- [Task data]
________________

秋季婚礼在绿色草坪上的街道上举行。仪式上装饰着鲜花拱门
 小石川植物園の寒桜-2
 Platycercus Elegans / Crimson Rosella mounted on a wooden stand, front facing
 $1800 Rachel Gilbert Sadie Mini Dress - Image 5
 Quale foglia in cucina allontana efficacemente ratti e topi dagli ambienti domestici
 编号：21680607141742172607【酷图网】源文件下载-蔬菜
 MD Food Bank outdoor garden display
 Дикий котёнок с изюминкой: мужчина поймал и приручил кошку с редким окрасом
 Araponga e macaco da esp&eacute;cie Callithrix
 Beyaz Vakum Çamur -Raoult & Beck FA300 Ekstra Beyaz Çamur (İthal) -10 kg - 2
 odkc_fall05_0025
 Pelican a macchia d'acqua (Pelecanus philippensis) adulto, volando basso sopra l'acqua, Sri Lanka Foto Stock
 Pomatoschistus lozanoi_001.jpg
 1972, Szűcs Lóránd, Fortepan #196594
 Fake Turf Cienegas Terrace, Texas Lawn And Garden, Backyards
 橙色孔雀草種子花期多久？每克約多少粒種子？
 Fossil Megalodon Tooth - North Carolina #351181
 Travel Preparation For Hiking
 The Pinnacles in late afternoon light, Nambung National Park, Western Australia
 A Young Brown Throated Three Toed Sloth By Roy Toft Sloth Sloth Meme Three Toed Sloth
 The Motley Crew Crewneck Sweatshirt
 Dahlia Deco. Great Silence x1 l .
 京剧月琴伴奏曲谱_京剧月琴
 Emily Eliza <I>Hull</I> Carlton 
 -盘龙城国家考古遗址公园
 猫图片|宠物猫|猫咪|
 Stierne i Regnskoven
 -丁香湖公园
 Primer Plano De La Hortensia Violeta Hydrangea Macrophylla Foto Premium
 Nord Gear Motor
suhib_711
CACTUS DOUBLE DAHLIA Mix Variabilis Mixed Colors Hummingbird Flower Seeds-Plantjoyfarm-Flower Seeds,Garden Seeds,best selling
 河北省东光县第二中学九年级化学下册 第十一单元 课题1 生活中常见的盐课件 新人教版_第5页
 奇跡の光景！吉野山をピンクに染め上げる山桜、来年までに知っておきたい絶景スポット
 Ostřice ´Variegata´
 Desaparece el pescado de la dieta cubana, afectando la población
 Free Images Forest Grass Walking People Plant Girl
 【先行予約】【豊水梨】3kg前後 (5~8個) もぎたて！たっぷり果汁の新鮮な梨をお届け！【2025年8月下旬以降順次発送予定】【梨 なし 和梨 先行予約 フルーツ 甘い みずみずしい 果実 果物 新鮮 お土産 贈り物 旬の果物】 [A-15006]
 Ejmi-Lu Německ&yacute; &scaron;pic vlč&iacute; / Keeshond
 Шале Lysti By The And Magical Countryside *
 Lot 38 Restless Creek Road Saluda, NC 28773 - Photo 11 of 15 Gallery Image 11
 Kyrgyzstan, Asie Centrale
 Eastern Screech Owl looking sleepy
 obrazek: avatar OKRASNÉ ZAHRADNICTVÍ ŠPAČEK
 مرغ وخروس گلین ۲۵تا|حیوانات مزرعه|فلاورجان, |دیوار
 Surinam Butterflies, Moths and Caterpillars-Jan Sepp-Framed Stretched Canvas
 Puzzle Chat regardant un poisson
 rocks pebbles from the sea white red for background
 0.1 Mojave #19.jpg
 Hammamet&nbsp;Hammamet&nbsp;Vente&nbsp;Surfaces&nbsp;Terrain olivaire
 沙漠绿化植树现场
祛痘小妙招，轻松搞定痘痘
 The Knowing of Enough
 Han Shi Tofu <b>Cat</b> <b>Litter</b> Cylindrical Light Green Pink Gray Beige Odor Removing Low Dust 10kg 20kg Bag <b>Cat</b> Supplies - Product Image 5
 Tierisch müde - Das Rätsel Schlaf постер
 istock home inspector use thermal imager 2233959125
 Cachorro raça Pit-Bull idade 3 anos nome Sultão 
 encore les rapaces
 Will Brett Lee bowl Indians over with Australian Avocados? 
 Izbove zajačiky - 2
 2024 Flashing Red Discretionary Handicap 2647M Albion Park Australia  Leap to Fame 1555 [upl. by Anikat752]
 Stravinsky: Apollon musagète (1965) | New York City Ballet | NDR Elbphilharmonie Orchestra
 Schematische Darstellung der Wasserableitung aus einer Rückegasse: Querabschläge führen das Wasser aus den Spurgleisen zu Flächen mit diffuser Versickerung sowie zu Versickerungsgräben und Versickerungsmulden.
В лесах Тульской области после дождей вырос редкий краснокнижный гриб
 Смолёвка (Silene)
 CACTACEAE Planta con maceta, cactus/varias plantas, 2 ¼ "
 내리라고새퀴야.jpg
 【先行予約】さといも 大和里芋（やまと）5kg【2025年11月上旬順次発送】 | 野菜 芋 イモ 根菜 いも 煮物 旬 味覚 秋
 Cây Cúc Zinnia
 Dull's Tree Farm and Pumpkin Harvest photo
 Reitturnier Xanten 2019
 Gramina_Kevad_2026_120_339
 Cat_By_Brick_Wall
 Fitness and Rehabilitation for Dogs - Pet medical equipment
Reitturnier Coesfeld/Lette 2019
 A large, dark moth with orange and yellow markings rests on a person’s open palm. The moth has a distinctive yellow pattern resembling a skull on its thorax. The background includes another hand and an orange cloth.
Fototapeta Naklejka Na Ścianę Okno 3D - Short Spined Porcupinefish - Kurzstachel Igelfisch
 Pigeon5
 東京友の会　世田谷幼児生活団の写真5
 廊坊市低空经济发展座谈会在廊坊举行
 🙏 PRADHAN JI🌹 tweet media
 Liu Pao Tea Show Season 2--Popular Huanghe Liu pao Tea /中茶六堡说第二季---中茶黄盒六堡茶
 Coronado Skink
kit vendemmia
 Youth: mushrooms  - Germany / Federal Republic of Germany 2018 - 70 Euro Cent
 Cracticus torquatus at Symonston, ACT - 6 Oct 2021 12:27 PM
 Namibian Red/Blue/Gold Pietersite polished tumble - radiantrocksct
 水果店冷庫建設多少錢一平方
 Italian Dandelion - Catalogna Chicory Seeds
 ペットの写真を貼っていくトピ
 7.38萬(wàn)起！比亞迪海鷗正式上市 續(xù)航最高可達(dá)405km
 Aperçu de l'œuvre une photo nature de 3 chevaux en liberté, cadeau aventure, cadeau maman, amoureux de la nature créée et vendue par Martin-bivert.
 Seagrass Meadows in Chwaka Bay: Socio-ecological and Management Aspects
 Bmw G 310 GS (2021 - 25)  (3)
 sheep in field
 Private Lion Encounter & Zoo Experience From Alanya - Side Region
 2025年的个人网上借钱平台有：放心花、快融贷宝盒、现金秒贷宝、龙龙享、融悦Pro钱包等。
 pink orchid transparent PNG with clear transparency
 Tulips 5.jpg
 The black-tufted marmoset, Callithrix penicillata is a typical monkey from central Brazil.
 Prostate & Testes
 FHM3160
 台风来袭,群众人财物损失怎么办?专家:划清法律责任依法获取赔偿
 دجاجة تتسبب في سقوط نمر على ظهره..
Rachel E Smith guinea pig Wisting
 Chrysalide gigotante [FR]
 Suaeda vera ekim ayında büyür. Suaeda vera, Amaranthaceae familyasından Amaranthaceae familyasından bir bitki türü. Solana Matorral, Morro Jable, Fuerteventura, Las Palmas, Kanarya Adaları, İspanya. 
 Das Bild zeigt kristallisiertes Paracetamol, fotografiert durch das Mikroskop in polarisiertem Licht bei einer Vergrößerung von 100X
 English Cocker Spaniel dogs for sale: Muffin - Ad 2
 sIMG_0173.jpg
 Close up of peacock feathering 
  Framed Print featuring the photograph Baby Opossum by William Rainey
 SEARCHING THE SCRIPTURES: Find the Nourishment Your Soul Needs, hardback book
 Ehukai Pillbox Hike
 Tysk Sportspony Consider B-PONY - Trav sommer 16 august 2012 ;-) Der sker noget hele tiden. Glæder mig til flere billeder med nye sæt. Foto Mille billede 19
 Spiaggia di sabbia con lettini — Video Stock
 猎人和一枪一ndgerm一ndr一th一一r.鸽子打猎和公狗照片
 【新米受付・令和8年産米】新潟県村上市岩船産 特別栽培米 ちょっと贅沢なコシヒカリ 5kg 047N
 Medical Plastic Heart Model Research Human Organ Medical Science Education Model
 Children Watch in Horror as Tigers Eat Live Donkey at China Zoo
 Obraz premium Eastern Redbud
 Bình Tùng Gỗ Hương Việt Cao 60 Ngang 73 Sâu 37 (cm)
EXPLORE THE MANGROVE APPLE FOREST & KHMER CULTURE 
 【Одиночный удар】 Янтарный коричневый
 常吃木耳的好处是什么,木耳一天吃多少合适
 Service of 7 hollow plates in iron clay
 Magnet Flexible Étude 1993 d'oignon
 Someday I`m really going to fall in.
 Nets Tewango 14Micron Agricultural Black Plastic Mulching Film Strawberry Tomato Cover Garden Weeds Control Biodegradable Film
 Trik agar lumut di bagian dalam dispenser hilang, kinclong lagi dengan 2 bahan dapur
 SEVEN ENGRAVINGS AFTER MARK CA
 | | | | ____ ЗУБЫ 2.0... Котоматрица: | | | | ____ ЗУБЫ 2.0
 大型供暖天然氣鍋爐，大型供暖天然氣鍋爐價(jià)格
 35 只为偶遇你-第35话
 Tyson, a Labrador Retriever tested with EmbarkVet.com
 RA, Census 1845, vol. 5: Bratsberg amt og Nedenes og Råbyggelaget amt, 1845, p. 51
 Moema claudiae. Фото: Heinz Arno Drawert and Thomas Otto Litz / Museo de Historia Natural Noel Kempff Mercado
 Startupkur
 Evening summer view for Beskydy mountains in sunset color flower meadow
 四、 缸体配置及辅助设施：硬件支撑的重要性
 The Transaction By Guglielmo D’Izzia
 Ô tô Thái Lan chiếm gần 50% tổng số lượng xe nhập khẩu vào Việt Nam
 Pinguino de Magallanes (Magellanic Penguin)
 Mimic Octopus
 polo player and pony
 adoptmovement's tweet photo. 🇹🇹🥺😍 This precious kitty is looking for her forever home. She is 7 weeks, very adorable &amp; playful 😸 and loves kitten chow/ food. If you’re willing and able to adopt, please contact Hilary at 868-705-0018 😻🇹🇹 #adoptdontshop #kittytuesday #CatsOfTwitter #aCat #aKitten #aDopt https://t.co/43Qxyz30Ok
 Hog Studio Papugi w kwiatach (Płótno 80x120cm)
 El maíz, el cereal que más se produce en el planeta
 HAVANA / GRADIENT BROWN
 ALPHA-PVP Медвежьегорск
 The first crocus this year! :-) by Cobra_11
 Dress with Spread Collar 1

________________

- [Exercise] What you give back should be exactly the lines of the data above from the line with "Dahlia Deco. Great Silence x1 l ." through the line with "Шале Lysti By The And Magical Countryside *", both of those included, and nothing more.

- [Response area]
 Dahlia Deco. Great Silence x1 l .
 京剧月琴伴奏曲谱_京剧月琴
 Emily Eliza <I>Hull</I> Carlton 
 -盘龙城国家考古遗址公园
 猫图片|宠物猫|猫咪|
 Stierne i Regnskoven
 -丁香湖公园
 Primer Plano De La Hortensia Violeta Hydrangea Macrophylla Foto Premium
 Nord Gear Motor
suhib_711
CACTUS DOUBLE DAHLIA Mix Variabilis Mixed Colors Hummingbird Flower Seeds-Plantjoyfarm-Flower Seeds,Garden Seeds,best selling
 河北省东光县第二中学九年级化学下册 第十一单元 课题1 生活中常见的盐课件 新人教版_第5页
 奇跡の光景！吉野山をピンクに染め上げる山桜、来年までに知っておきたい絶景スポット
 Ostřice ´Variegata´
 Desaparece el pescado de la dieta cubana, afectando la población
 Free Images Forest Grass Walking People Plant Girl
 【先行予約】【豊水梨】3kg前後 (5~8個) もぎたて！たっぷり果汁の新鮮な梨をお届け！【2025年8月下旬以降順次発送予定】【梨 なし 和梨 先行予約 フルーツ 甘い みずみずしい 果実 果物 新鮮 お土産 贈り物 旬の果物】 [A-15006]
 Ejmi-Lu Německ&yacute; &scaron;pic vlč&iacute; / Keeshond
 Шале Lysti By The And Magical Countryside *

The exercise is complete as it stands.